----- Given data -----

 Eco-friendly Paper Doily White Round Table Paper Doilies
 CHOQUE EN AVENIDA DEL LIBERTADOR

-----
----- Given data -----

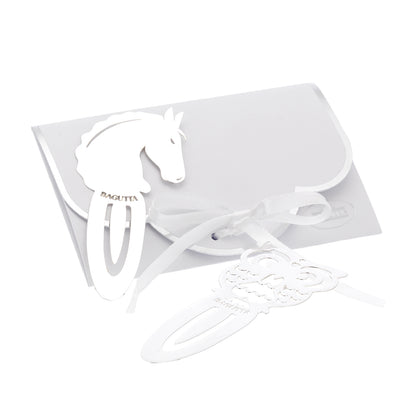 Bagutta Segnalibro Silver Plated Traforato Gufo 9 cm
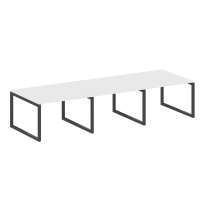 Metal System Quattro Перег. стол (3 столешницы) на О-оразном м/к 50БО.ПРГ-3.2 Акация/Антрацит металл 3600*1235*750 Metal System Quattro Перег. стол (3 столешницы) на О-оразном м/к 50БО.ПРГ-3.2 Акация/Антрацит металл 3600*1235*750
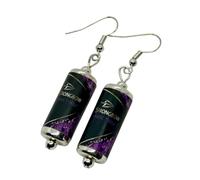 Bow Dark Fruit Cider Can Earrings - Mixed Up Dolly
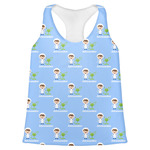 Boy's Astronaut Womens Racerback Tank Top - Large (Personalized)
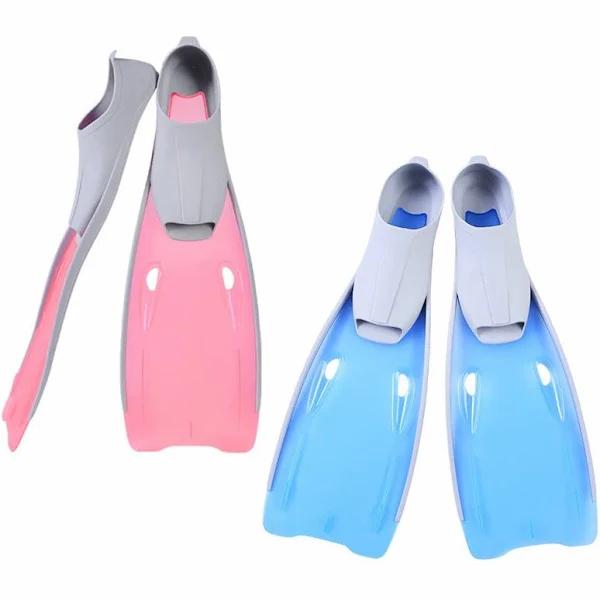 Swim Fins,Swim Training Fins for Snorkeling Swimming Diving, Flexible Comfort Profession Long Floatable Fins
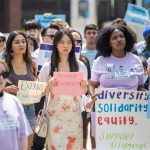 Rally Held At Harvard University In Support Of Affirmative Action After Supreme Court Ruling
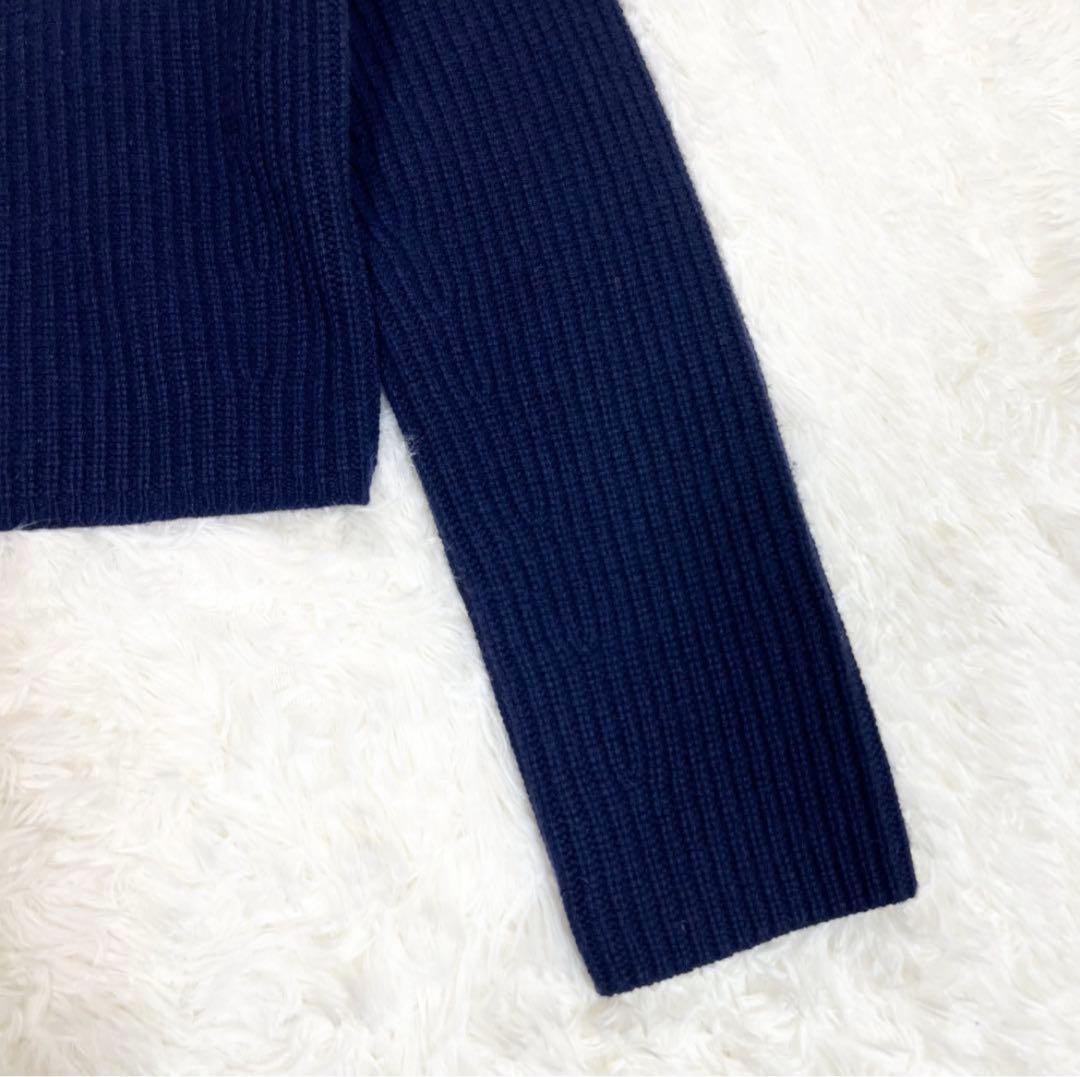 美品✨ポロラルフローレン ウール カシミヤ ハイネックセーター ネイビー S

-----

→ **Exercise goal**
Within the listing above, give again exactly every line from the line with "Eco-friendly Paper Doily" through the line with "CHOQUE EN AVENIDA DEL LIBERTADOR", both included, and no other line.

→ **Written solution**
 Eco-friendly Paper Doily White Round Table Paper Doilies
 CHOQUE EN AVENIDA DEL LIBERTADOR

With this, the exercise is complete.